The three-year grant is entitled “RUI: Thermodynamics of Nucleation: Atmospheric Aerosols from Acids, Bases, and Peptides.”
“This award reflects the extraordinary and continued success of Dr. Shields’ research efforts in the field of computational chemistry, complementing his national accomplishments developing the MERCURY Consortium,” said John Wheeler, Furman chemistry professor and associate provost for integrative science. “His award is particularly exciting for the university since it comes on the heels of competitive NSF-RUI grants awarded to Furman professors Erin Wamsley (psychology) and Mary Elizabeth Anderson (chemistry) over the past few months.”
Shields came to Furman in 2016 from Bucknell University, where he served as dean of the College of Arts and Sciences and was a professor in the chemistry department. He has also taught at Armstrong Atlantic State University, Hamilton College and Lake Forest College.
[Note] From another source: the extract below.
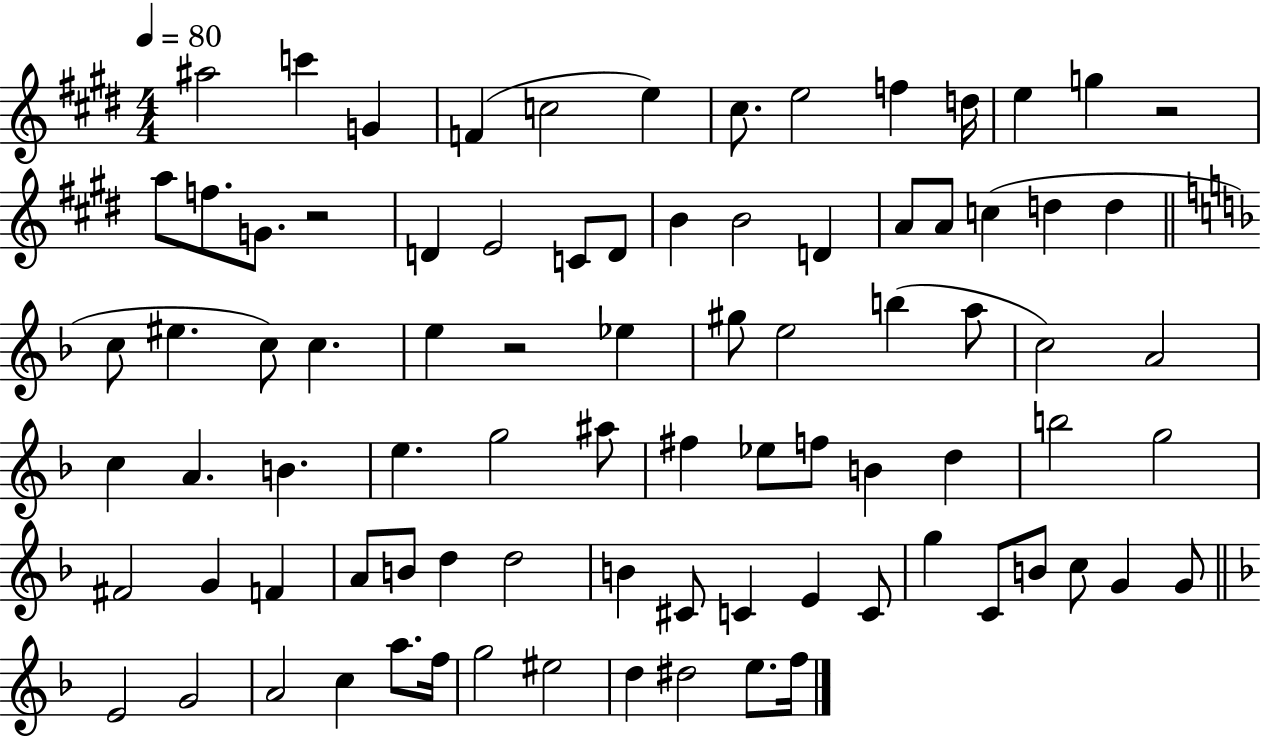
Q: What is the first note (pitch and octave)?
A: A#5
Shields has a national reputation in the field of undergraduate research, having collaborated with more than 110 undergraduate students in the fields of computational chemistry, structural biochemistry and science education. He is founder and director of the Molecular Education and Research Consortium in Undergraduate Computational Chemistry (MERCURY), a collaboration of 27 undergraduate research teams at 25 different institutions.
He received the 2015 American Chemical Society Award for Research at an Undergraduate Institution, and he currently serves on the executive board of the Council on Undergraduate Research. In 2018, he was named a Cottrell Scholar TREE (Transformational Research and Excellence in Education) Award recipient, the first professor from a primarily undergraduate institution to receive the honor.
Shields received his bachelor’s and master’s degrees in chemistry and a doctorate in physical chemistry from the Georgia Institute of Technology. His postdoctoral research on protein-DNA interactions at Yale University and the Howard Hughes Medical Institute was conducted in the laboratory of Professor Thomas Steitz, the 2009 Chemistry Nobel Laureate.